Credit: Barabas/cc-by-sa-3.0
Photo: Barabas/cc-by-sa-3.0

Earlier this month, Google announced that it is getting out of the search appliance business. According to this article by Fortune, Google told its partners they could renew existing Google Search Appliance (GSA) customers through 2017 but no new hardware would be sold.

I have multiple clients running GSA for Enterprise Search and their experiences have been mixed. Clearly, the plug-and-play nature of a turnkey appliance was attractive. But, of course, the other side of that coin is the potential set of limitations that an appliance places on you, whether that’s in terms of cost/license, capacity, or features.

GSA customers have time to figure out their migration path. Google says they are working on a cloud-based alternative. But maybe it’s time to take a step back and consider your options.

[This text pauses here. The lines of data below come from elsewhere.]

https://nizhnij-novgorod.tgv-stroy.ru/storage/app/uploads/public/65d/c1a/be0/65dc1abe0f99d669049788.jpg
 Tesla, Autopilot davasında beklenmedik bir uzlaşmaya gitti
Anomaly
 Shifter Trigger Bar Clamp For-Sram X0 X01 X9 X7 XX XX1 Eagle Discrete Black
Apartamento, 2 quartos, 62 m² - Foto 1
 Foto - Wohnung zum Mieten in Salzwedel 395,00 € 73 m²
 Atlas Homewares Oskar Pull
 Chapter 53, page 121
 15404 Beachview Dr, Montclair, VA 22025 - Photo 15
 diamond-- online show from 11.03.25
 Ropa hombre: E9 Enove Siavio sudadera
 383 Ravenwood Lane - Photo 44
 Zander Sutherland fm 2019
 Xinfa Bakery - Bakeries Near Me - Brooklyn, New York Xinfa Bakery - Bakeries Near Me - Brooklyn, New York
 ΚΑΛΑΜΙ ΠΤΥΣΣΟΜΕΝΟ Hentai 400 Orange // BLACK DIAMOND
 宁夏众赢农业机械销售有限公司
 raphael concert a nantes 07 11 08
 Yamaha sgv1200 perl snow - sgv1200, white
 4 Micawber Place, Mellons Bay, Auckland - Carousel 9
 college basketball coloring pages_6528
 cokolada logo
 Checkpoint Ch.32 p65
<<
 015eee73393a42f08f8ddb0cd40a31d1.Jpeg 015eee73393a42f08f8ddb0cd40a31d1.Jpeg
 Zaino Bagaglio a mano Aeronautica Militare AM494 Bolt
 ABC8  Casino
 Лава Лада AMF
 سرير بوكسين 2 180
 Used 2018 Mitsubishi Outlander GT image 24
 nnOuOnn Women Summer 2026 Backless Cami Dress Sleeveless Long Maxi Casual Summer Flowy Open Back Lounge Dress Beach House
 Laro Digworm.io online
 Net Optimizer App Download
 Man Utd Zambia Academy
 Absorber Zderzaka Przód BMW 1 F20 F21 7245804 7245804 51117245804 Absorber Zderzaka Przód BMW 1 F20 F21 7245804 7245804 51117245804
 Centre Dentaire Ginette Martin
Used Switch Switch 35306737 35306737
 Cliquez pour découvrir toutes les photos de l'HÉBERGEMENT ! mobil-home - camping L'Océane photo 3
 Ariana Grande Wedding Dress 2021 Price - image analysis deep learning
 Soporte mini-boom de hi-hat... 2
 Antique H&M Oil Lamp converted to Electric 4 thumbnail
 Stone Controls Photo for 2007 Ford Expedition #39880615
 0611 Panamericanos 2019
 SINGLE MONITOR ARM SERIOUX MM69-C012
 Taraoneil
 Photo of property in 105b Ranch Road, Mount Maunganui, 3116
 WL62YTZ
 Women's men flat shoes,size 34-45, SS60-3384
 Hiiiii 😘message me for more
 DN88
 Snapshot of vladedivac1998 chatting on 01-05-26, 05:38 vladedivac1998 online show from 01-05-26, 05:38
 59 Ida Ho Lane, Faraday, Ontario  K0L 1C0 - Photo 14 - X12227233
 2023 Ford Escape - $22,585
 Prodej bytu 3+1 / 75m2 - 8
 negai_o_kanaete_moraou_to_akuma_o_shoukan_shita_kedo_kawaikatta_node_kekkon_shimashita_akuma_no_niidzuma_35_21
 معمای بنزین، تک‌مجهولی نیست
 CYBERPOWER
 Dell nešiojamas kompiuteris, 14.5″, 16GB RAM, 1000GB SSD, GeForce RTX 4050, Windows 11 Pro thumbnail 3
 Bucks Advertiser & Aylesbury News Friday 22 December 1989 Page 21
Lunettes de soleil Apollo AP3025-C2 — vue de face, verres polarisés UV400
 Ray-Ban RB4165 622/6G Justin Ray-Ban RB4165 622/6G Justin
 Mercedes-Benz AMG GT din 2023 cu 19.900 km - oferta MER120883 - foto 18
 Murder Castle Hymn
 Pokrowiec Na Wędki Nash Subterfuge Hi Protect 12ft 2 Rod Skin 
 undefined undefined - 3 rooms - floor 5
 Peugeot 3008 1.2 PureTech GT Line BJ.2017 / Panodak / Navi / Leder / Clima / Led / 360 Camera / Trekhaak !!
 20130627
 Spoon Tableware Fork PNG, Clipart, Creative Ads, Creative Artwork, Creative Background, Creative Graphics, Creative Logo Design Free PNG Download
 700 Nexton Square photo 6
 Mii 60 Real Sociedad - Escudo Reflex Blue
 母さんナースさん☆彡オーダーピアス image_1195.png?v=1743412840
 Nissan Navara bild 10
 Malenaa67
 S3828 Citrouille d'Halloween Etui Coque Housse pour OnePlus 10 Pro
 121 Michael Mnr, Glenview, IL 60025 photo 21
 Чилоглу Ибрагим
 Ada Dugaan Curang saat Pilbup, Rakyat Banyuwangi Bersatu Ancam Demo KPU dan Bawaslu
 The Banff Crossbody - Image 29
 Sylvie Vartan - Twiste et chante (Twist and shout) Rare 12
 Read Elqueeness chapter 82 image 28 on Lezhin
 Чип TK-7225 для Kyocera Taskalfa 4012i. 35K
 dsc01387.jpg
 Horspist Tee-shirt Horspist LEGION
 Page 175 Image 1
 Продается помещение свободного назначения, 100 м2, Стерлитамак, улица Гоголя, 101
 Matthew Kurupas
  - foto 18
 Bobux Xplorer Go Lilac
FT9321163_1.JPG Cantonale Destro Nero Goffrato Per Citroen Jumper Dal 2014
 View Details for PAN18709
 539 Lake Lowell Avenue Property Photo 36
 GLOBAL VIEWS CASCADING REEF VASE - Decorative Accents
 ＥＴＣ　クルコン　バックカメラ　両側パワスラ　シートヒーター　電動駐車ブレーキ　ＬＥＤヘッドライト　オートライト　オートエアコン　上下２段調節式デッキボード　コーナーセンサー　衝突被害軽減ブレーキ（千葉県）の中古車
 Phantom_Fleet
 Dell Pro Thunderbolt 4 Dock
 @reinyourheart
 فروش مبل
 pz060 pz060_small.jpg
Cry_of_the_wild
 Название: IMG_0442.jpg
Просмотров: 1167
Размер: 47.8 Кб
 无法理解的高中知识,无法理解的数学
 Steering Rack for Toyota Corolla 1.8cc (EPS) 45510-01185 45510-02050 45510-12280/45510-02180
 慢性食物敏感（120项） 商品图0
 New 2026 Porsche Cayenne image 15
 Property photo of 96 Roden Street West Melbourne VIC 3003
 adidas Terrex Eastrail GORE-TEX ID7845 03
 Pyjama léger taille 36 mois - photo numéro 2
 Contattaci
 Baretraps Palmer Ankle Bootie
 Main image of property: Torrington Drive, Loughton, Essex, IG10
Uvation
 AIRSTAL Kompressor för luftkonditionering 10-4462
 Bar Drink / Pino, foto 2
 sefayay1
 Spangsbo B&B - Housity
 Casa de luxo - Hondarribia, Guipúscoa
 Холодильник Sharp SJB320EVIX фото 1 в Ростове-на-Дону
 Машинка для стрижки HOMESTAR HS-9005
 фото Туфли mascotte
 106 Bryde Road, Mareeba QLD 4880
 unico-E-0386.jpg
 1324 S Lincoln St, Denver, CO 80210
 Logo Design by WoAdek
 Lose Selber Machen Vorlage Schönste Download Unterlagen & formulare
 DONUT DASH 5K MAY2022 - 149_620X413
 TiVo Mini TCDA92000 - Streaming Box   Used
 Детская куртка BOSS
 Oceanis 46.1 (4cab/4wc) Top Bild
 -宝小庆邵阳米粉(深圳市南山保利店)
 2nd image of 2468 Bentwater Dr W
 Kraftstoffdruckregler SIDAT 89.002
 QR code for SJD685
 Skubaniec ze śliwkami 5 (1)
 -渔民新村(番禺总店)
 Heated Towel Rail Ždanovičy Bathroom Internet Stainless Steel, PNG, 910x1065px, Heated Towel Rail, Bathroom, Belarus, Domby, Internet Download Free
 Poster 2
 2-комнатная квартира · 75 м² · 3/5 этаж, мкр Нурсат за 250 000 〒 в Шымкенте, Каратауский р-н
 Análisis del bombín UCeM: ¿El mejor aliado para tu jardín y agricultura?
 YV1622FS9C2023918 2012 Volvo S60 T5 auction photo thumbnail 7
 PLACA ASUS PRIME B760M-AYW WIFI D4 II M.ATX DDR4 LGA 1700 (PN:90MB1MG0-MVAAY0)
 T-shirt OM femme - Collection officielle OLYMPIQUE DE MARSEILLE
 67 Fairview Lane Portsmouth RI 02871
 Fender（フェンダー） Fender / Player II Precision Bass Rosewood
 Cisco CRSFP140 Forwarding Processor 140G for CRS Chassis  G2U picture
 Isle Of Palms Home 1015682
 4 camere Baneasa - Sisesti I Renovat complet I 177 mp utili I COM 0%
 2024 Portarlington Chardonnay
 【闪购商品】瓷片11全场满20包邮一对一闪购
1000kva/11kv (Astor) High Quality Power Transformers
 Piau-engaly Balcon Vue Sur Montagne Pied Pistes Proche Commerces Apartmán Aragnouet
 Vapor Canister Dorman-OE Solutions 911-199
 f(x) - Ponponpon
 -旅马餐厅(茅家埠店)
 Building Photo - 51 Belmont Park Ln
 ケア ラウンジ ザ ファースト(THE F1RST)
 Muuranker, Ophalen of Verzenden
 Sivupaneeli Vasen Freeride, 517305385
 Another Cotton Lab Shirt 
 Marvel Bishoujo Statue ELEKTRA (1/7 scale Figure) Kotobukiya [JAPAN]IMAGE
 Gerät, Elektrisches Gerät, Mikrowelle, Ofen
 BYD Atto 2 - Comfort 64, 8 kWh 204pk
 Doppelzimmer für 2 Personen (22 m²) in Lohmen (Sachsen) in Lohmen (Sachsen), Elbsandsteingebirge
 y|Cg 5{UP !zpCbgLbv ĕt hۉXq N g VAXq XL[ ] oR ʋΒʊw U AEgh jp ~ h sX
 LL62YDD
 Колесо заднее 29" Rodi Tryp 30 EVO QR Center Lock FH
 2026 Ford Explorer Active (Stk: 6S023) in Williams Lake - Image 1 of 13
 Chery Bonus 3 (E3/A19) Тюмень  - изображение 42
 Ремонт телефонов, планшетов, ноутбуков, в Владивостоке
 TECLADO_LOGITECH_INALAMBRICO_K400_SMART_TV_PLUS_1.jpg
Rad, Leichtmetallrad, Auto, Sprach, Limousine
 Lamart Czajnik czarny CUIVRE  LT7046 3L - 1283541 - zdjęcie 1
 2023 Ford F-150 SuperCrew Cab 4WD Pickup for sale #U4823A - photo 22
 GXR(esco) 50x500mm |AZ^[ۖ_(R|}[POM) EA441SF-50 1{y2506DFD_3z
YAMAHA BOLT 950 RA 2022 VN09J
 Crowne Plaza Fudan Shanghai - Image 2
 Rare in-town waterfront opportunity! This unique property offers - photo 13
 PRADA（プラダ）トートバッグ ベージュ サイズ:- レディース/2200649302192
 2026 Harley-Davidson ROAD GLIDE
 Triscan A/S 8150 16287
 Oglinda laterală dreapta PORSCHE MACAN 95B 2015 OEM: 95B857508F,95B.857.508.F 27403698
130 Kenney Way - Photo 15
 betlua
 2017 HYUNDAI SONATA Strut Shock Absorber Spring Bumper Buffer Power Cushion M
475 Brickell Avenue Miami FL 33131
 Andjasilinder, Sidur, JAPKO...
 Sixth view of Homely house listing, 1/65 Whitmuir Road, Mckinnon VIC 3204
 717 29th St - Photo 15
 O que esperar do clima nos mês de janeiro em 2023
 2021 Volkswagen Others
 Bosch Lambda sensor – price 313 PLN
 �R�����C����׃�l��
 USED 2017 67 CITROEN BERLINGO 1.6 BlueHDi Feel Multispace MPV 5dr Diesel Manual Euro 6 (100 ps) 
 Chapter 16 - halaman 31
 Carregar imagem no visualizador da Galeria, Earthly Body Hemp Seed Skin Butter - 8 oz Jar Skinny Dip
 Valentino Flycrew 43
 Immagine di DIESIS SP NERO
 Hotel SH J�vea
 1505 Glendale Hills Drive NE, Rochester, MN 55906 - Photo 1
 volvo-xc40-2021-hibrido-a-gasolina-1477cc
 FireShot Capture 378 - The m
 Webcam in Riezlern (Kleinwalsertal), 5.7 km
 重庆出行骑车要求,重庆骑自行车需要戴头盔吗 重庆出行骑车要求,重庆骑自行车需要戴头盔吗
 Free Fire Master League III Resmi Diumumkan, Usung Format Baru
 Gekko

Something big has happened since the last time you looked at Enterprise Search: It’s called Elasticsearch. The commercially-supported open source software builds on the rock solid foundation of the well-known Apache Lucene by baking in clustering and a comprehensive API out-of-the-box.

Adoption has been swift. At last year’s Elasticon conference, the company reported 20 million downloads. At this year’s conference the company announced they had hit 50 million downloads across all of their products.

Deployment options

If you want to self-support, you can set up a cluster on-prem and scale it as big as you need it for the cost of your time and some hardware. If you need commercial support you can get it from Elastic.

If a cloud-based solution is attractive to you there are several options:

  • Elastic has its own cloud offering called Elastic Cloud (formerly called “Found”).
  • QBox offers Elasticsearch hosting.
  • Amazon offers its own hosted Elasticsearch offering called Amazon ES.
  • And you can always just grab some virtual machines on your cloud provider of choice and install and run your own cluster.

The Elastic Stack provides the core search platform and a host of other tools, but it does not provide a web crawler. You’ll probably want to use Scrapy, StormCrawler, or Nutch for this, all of which are freely available as open source software.

Beyond crawlers there are a ton of different ways to get content indexed into Elasticsearch. Beats and Logstash are two Elastic products that can be used to pump data into the cluster. If you have to write your own integration, the API is fairly straightforward and is available for a number of languages as well as anything that can speak REST.

You’ll be shocked at how quickly you can stand up an Elasticsearch cluster. Where you’ll likely spend more time is on production-izing your setup and tuning for relevancy (take a look at the Relevant Search book from Manning).

Your GSA was only ever going to be good at one thing–providing keyword search for your internal documents. Elastic gives you that and so much more. You might start out using it to replace your GSA-based Enterprise Search but you’ll soon figure out that it can be used for all kinds of interesting things.